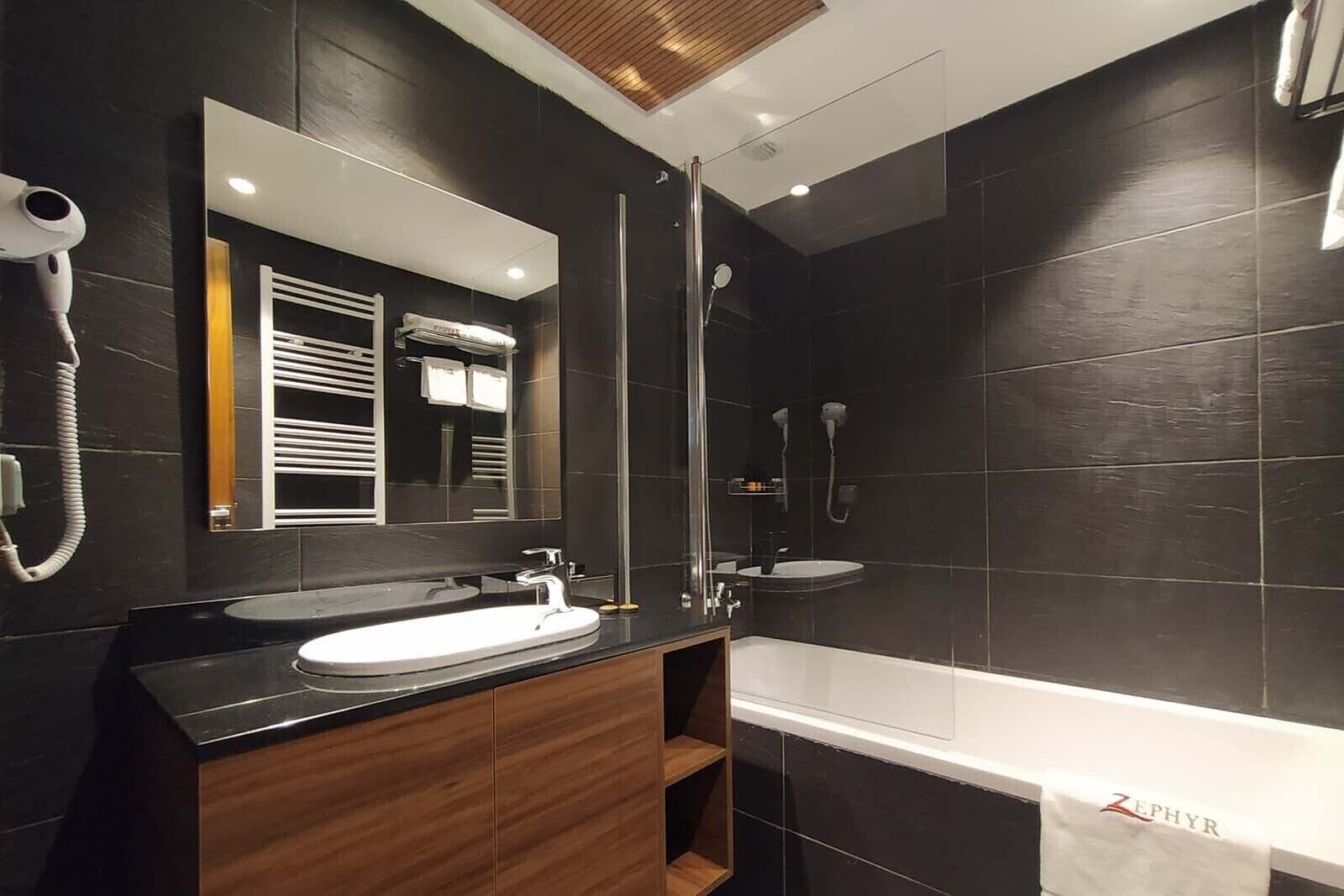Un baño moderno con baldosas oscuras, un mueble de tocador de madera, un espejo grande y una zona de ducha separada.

...

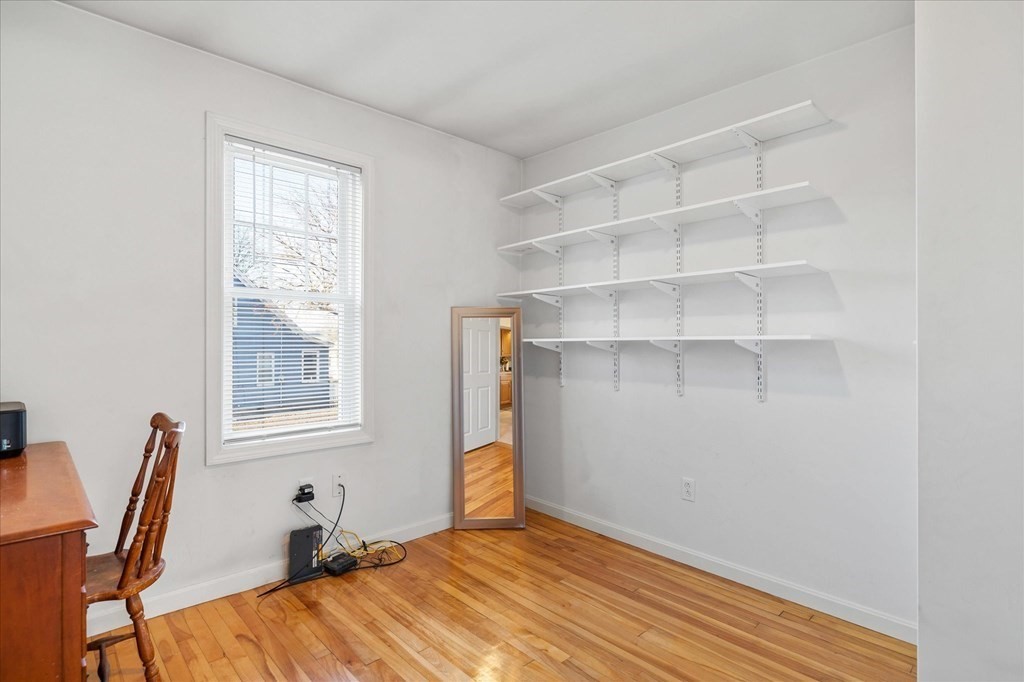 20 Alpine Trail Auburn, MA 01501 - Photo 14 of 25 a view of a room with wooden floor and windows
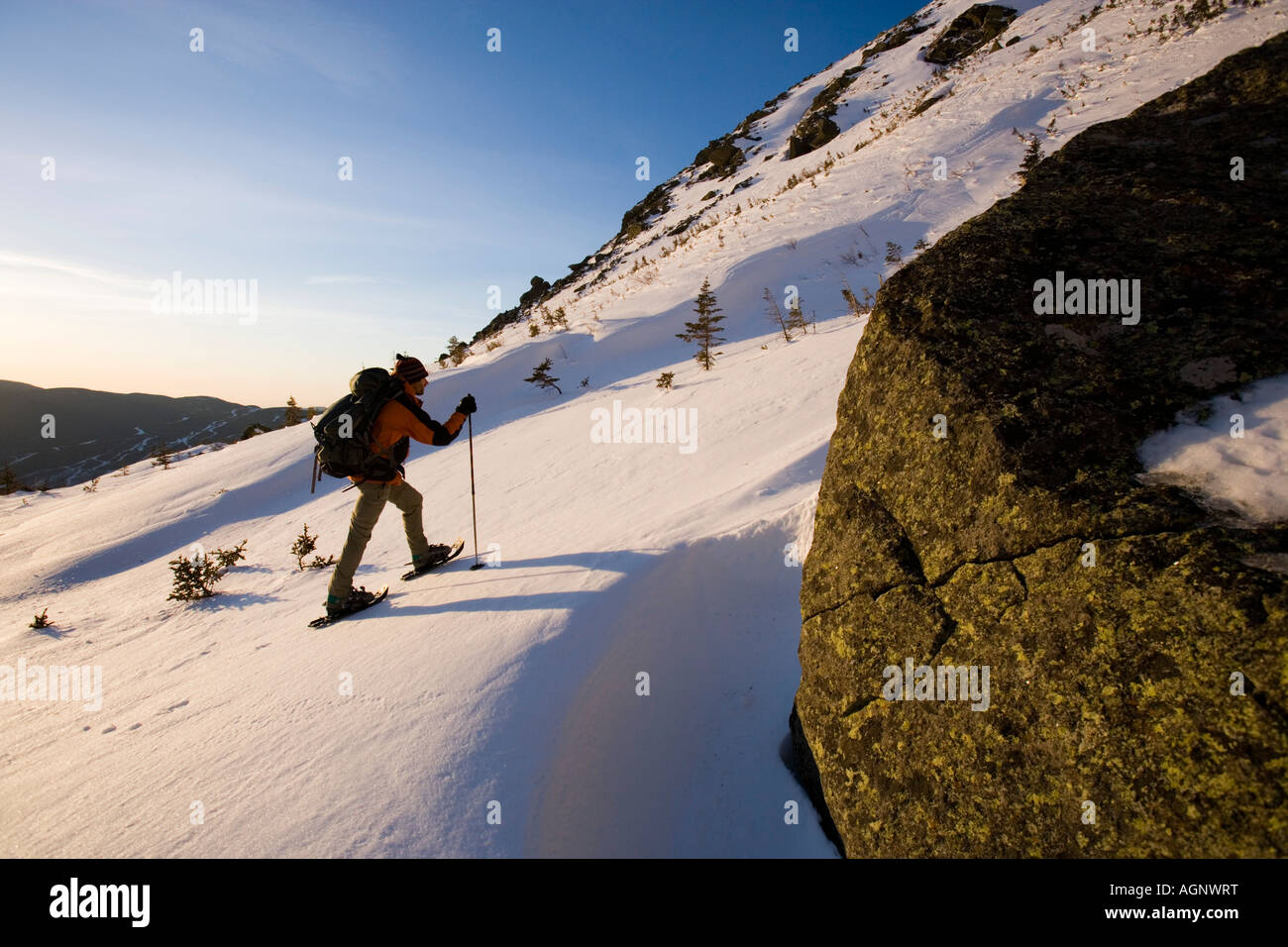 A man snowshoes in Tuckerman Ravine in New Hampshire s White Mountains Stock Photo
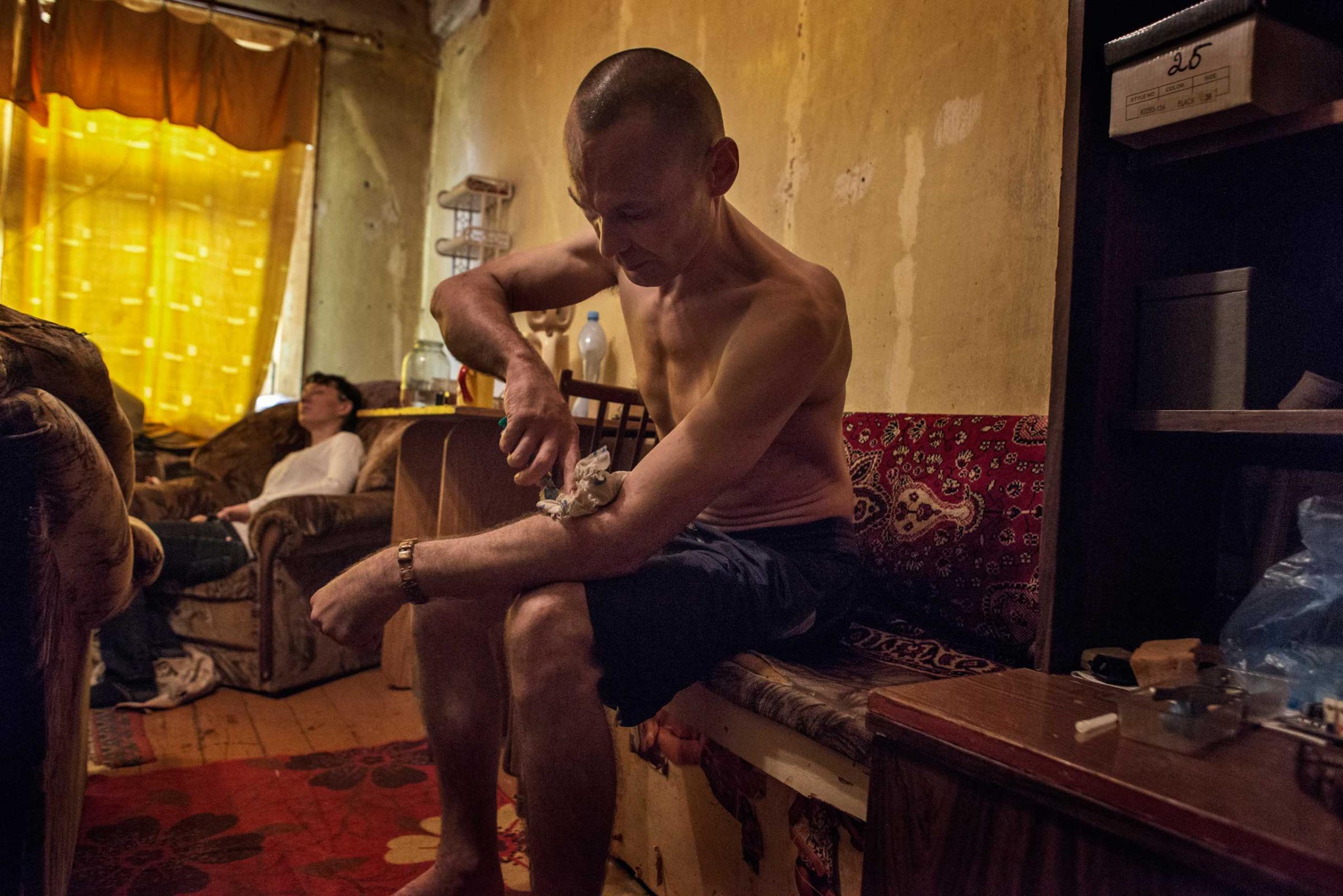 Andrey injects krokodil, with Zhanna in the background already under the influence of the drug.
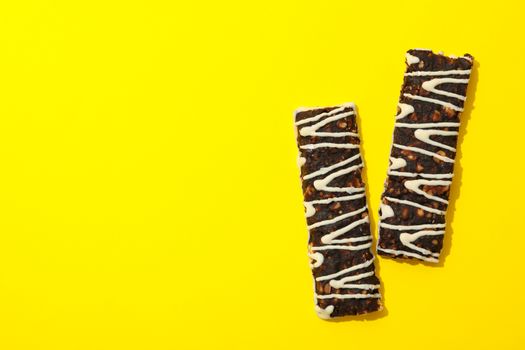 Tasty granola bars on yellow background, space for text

---

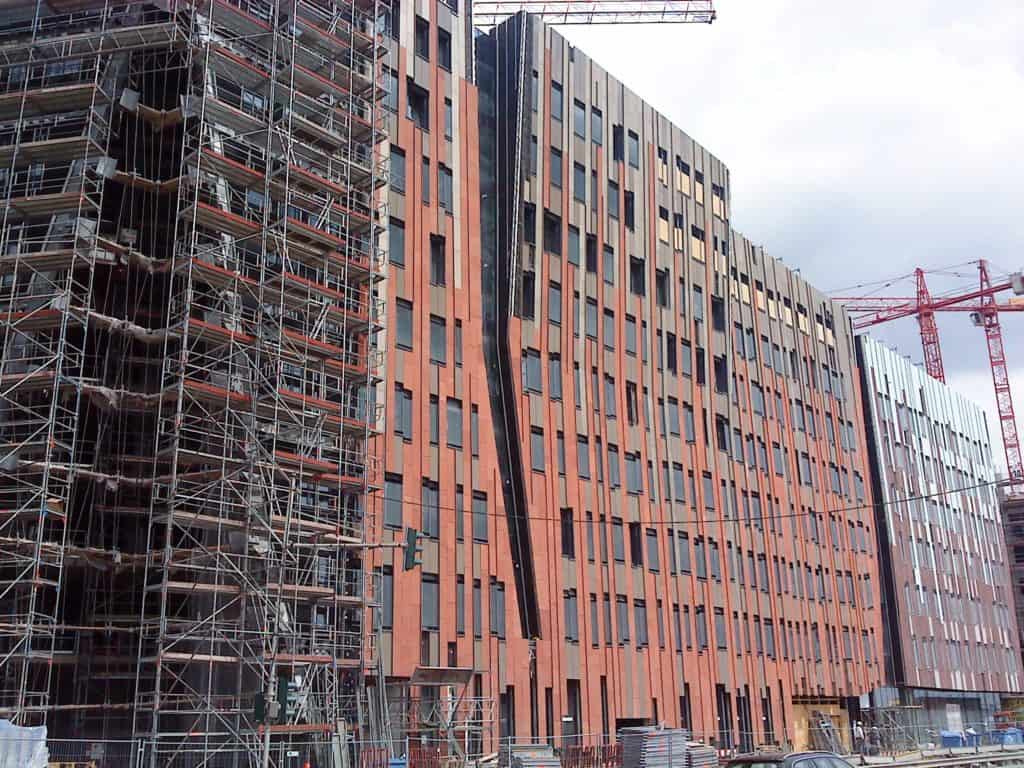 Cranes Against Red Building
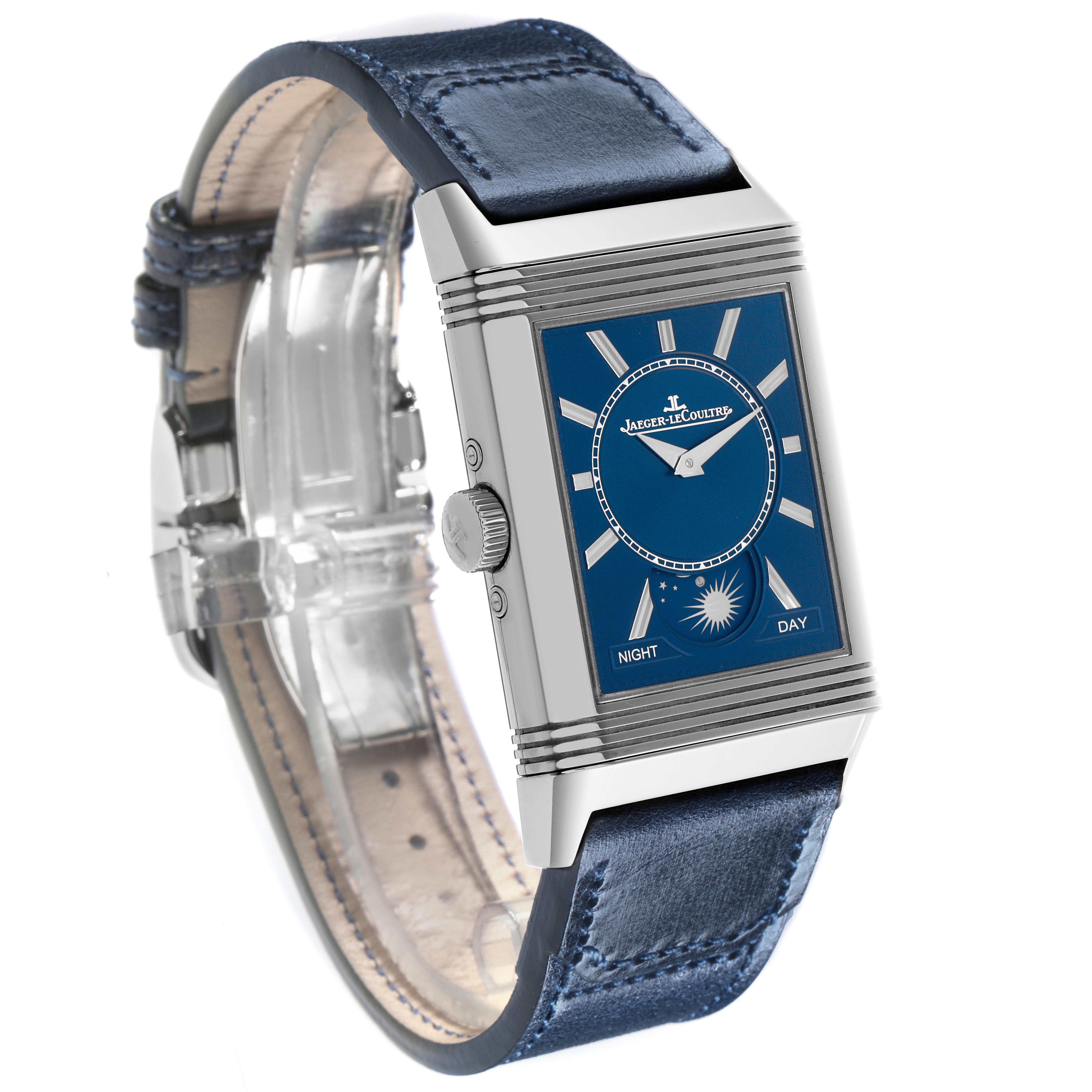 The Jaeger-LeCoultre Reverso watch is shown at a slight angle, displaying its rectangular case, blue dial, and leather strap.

◆ **REQUIRED ACTION**: For the data above, set down exactly the lines from the line with "Andrey injects krokodil, with" to the line with "Tasty granola bars", both included, leaving pictures out.

◆ **ANSWER FOR THIS EXERCISE**:
 Andrey injects krokodil, with Zhanna in the background already under the influence of the drug.
 Tasty granola bars on yellow background, space for text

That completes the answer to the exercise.